The men spend so much time defending their masculinity and hetero-status that they appear rather unstable and desperate—and therein lies the supposed “joke.” Look! A man with a purse! A man with jewelry! Two men hugging! Don’t they seem gay?! With the laugh track roaring in the background, the viewer learns that men who act emotional or “effeminate”—whether gay or straight—are to be laughed at. Homosexuality is once again used as a punchline to ridicule a character’s masculinity. I’d rather see the men express thoughtful opinions and dress and act as desired without Chandler making some sarcastic quip about lipstick.

3. Rachel’s career advancement wouldn’t be the unjumpable hurdle in an otherwise solid relationship with Ross.

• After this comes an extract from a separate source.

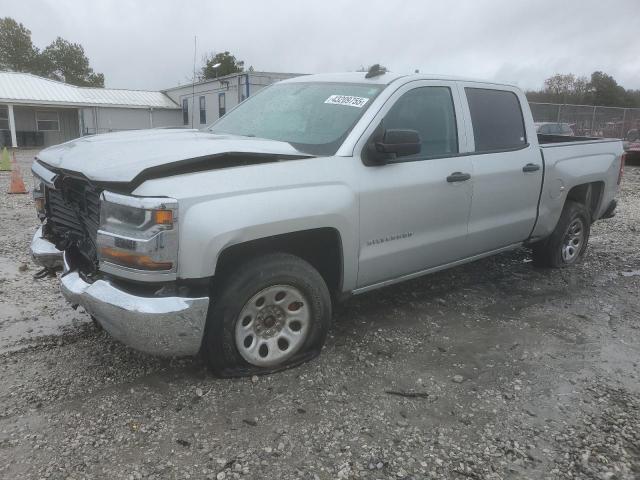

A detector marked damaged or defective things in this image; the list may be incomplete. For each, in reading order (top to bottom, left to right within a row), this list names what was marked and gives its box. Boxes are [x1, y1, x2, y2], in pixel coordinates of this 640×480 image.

crumpled hood [36, 128, 312, 183]
damaged front bumper [31, 229, 210, 356]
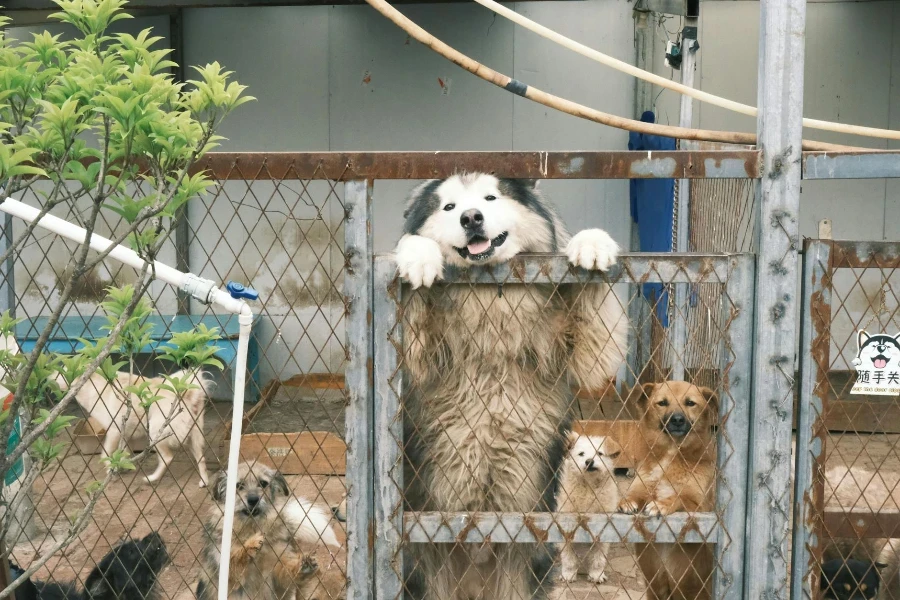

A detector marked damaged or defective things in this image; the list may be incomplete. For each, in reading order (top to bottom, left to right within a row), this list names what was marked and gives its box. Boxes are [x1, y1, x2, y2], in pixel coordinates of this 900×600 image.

While the show likes to portray Ross as the most romantic and least misogynistic of the three man, his “nice guy” image seems questionable as he cannot celebrate Rachel working her dream job because it means less time allotted for him. Although most viewers judge Ross harshly for his selfishness here and support Rachel’s career, it is disappointing to see yet another story of a woman whose relationship crumbles because she is “too invested” in her work.

4. Monica wouldn’t be slut-shamed for having “a lot” of previous sexual partners (“The One with Where Dr. Ramoray Dies”), while Joey gets to parade his sexcapades with pride (every episode ever).

I would not have a problem with the “You’ve slept with HOW many men?!” plot, since it is a real issue that many women face in our culture, but the writers clearly were not trying to highlight the double standards here. If they were, Monica would have pointed out that nobody minds how many people Joey has been with, or she would have complained to Rachel that her sexual history wouldn’t have been scrutinized had she been male.

Instead, the viewer witnesses trusty, faithful Richard pry into “just how men” loose, indulgent Monica has slept with. On the other hand, Monica is appalled when she learns she is only the second woman Richard has been with. Translation: “normal” men should have a long list of sexual partners, and “normal” women should keep their legs closed.

5. Monica’s extreme weight loss wouldn’t be glorified as the source of her current beauty and “sexual achievements.”

The fat jokes speckled into virtually every episode speak volumes, but more interesting is the implicit reminders that Monica hasn’t always been the catch she is now. We hear about two Monicas: teenage Monica, who was unpopular and allegedly spent more time hoarding boxes of “Brown Bird” cookies than dating, and current Monica, who is thin, attractive, seemingly unscarred from her former weight issues, and active in the dating scene. We idolize current Monica and laugh at her past self.

Amazingly, even she cracks a smile when Ross mocks her former size! First of all, this perpetuates the stereotype of overweight women as jolly, unpopular, and asexual (or perhaps interested in sex but unable to get it). Second of all, while no two people are identical, I do not think I could forgive—let alone laugh with—someone who mocked my weight, whether former or current.

So.

Despite seeing every episode two or more times, I could no longer find these reoccurring jokes funny. If I really wanted to pass time listening to insecure men call each other a woman as an epithet, I would just go hang out at the jocks’ table in a high school cafeteria.